▸ **RECORDS SUPPLIED**:
BEGIN
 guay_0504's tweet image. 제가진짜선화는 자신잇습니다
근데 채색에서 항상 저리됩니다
END
BEGIN
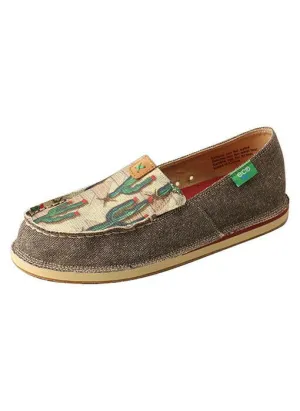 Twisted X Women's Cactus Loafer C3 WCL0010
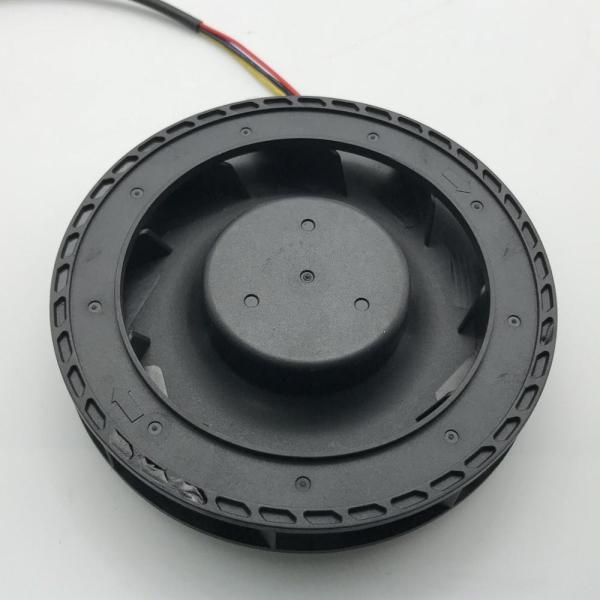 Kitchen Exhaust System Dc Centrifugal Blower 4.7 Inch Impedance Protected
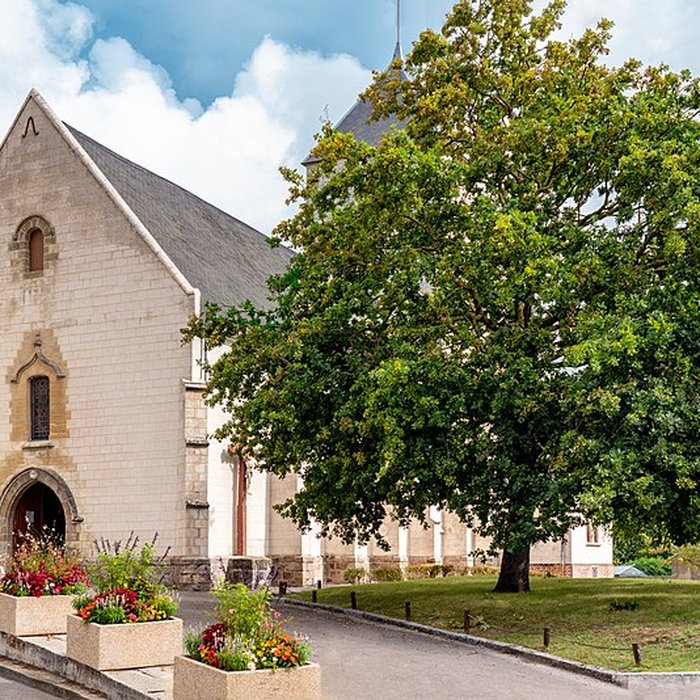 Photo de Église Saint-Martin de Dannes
END
The material above holds pictures; leave them out and set down exactly the lines from the line with "Kitchen Exhaust System" to the line with "Photo de Église Saint-Martin de Dannes", both included.

 Kitchen Exhaust System Dc Centrifugal Blower 4.7 Inch Impedance Protected
 Photo de Église Saint-Martin de Dannes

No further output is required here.